"The Thing that Mattered," [Eclectica Magazine; Volume 10, Number 4] by Terence S. Hawkins, is sort of highbrow fan fiction ("fanfic") with, at least to me, a novel and creative twist. Fan fiction is derivative literature from another's work, using his or her characters. In this case, the author uses characters from a classic movie and provides an afterwards to the movie in question. The novel innovation is that the protagonist of the piece is an actual famous literary figure from the not too distant past.
The story is set in Cuba, 1956, with Battista's hold on power precariously still in tact; increasing threatened by Castro's guerillas. The story begins at the funeral of the principal character from the movie. He has been murdered; shot in the face while apparently sitting peacefully at his desk in his office. Suspicions abound that, because of the character's checkered past and political partisan activities, he had been killed by an operative of either of the two contending Cuban political figures.

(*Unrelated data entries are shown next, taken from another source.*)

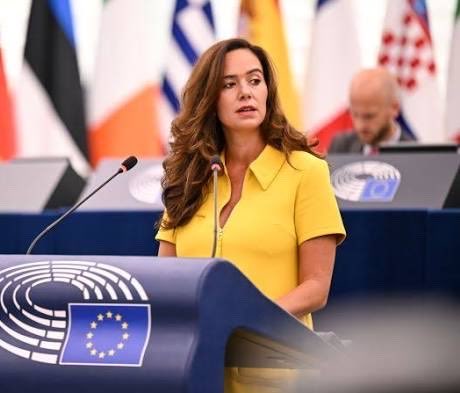 A woman in a yellow dress speaks at a European Parliament podium with the EU flag visible in the foreground and member state flags behind her.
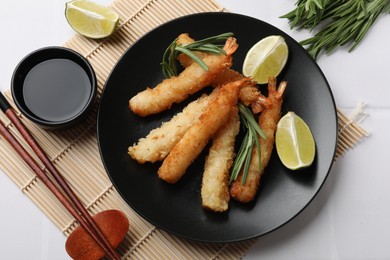 Delicious breaded fried shrimps served on white table, flat lay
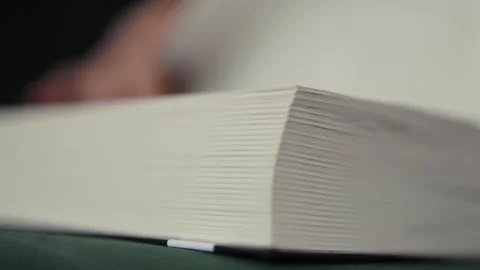 Closeup of a person reading a book. Stock Footage 314834596
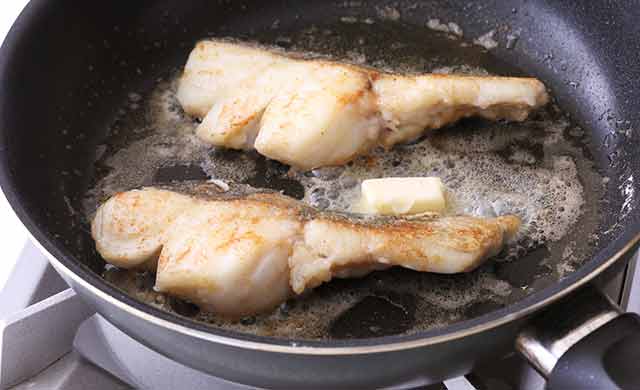 バターを絡めながら、たらを焼いている写真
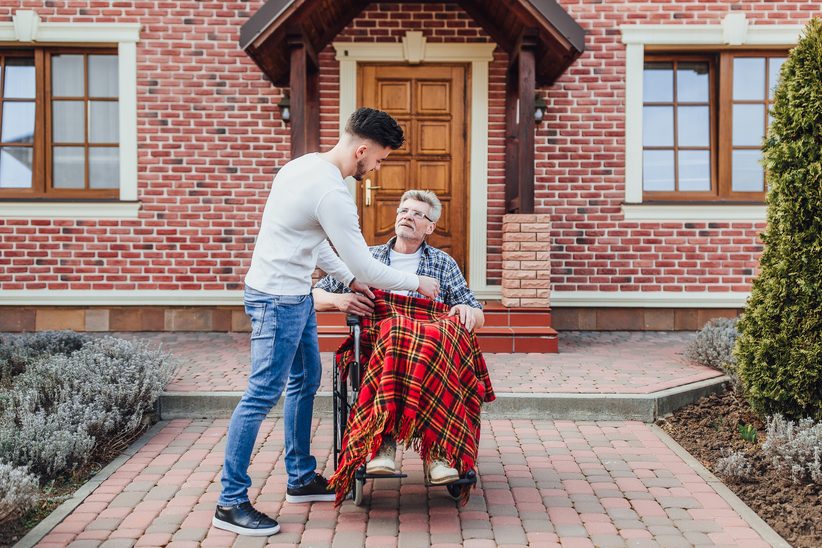 Syn opiekujący się ojcem na wózku, okrywa mu nogi kocem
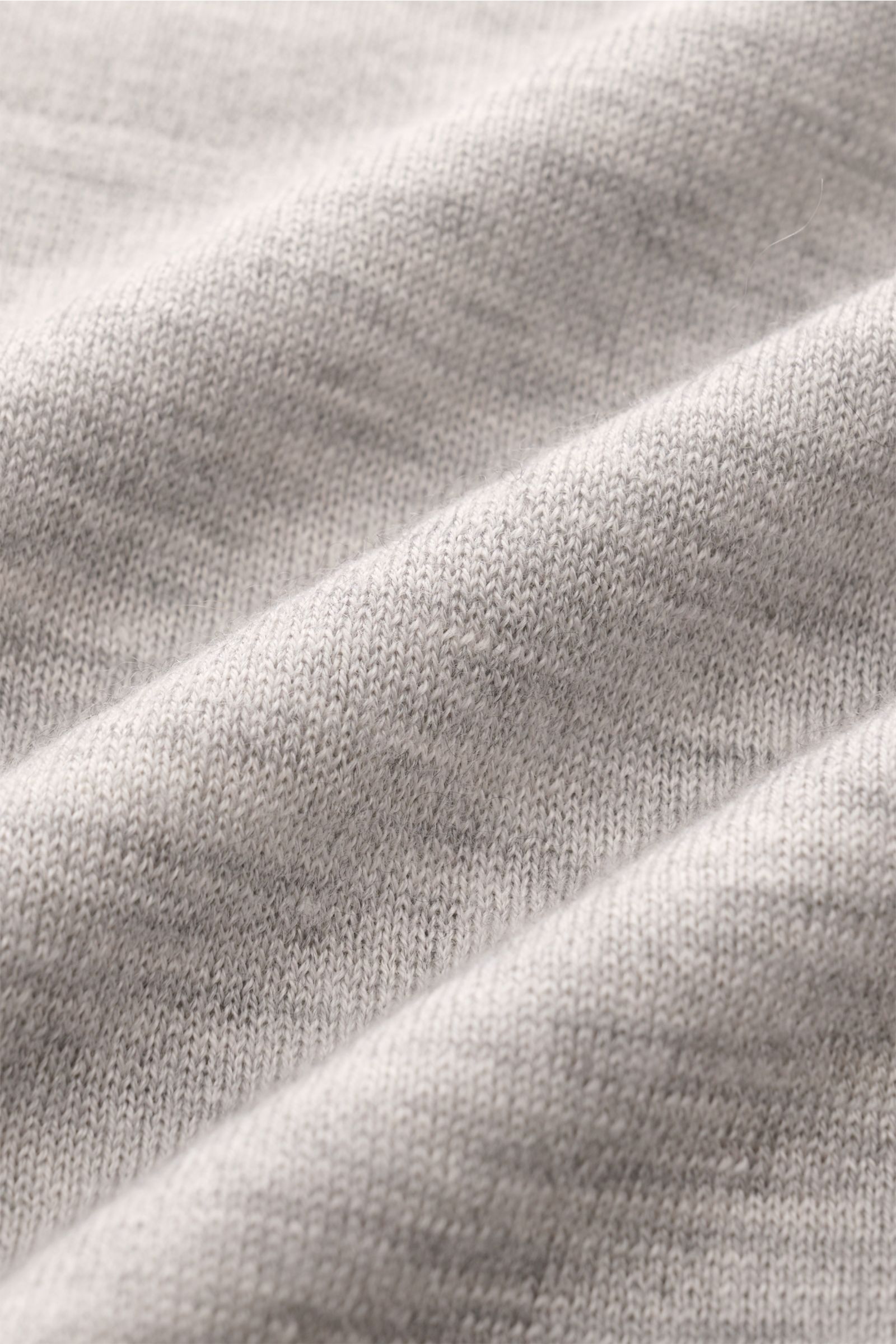 Nahaufnahme des feinen Strickbilds eines grau melierten FTC Kurzarm-Strickpolo aus Cashmere-SeaCell-Mix, nachhaltig produziert.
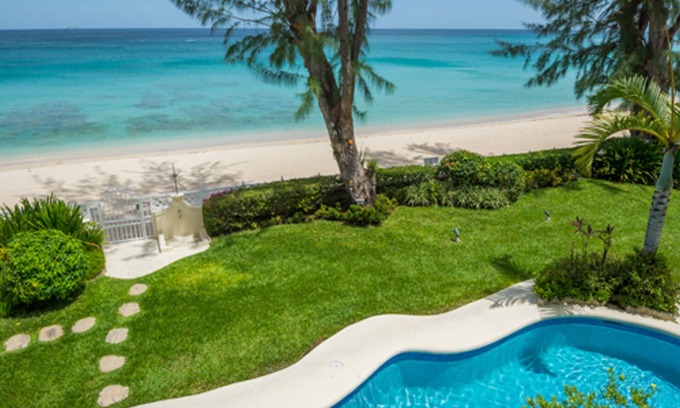 Old Trees Bay Apartment | The Casuarinas at Old Trees 201, a luxury beachfront villa on the West Coast of Barbados.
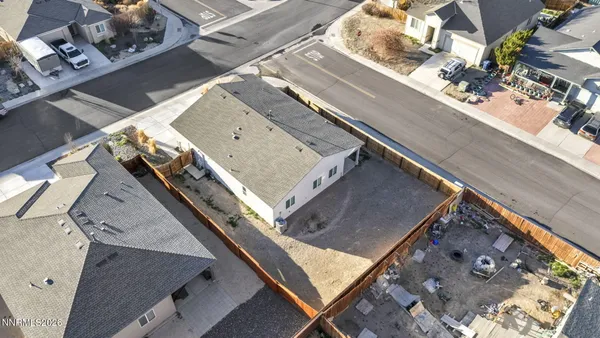 a kitchen with stainless steel appliances granite countertop a refrigerator a sink dishwasher a stove and white countertops with wooden floor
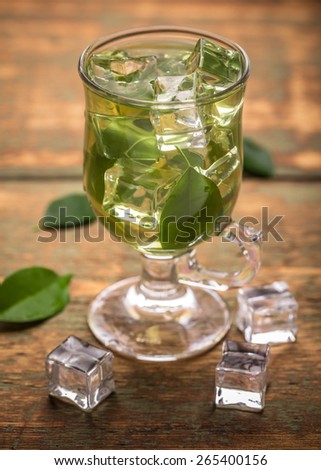 Cup of ice tea with green tea leaf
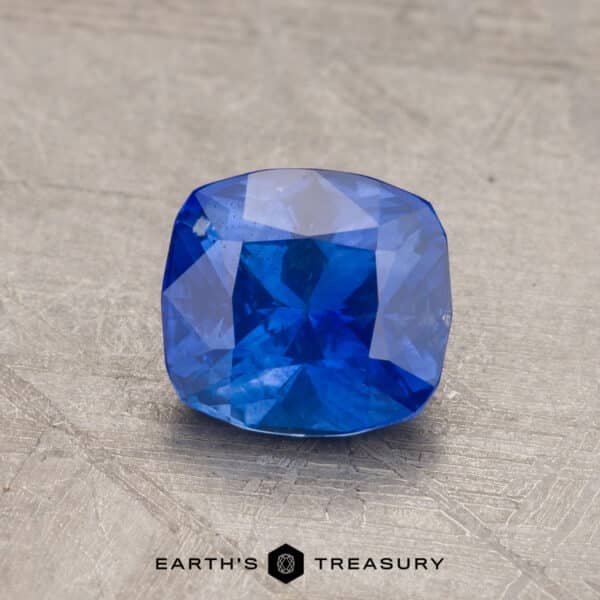 1.41-Carat Sapphire (Heated) A radiant 2.14-carat Robin's Egg Blue Montana Sapphire, cushion-cut and heated, is showcased against a gray textured background. The bottom center of the image includes the text "EARTH'S TREASURY" with a hexagonal logo between the words.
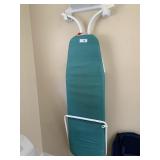 Ironing board with holder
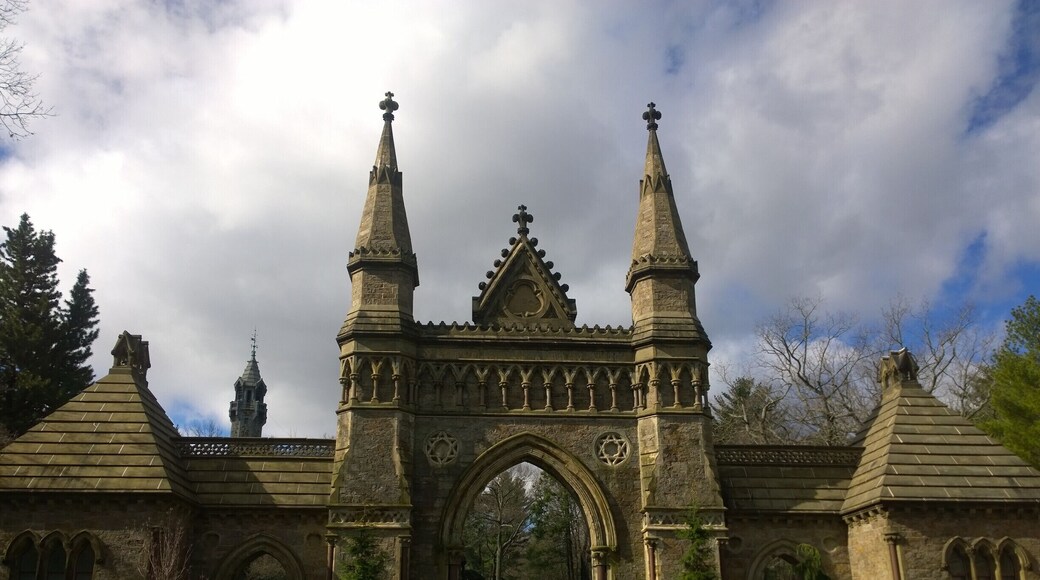 The impressive front main gate of Forest Hills Cemetery standing out against the #blue sky.
Built in 1848, Forest Hills Cemetery is a historic 275-acre cemetery, greenspace, arboretum and sculpture garden located in the Jamaica Plain neighborhood of Boston.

Still, as there was no sign of a struggle, suspicion arises that the murder might have been one with a more personal motivation, and that the shooter was someone the victim had admitted and trusted.
How long it will take a reader to catch on to the fanfic scenario will depend, of course, on his or her degree of familiarity with both the movie and the real life literary figure. As the movie is one of the most popular and critically acclaimed flicks ever (though curiously based upon a would-be play that was never produced), and the author is perhaps the most august literary figure of the twentieth century, that shouldn't be long. Nevertheless, the lack of sophistication sadly exhibited by many of our younger folk today might render comprehension and a full appreciation of the story somewhat problematic to such readers.
The resolution to the story might be termed iconoclastic, by way of understatement. Indeed, some devoted fans of the real life protagonist might be outraged. What if any truth might lie with the character's seemingly bizarre motivation, once revealed, is not known by this reviewer.
The strength of the writer's writing per se within the piece is his splendid descriptive narration; indeed, perhaps inspired by being a fan of his protagonist. Mr. Hawkins sets the scenes quite nicely, and the reader can easily envision the steamy, tropical environment.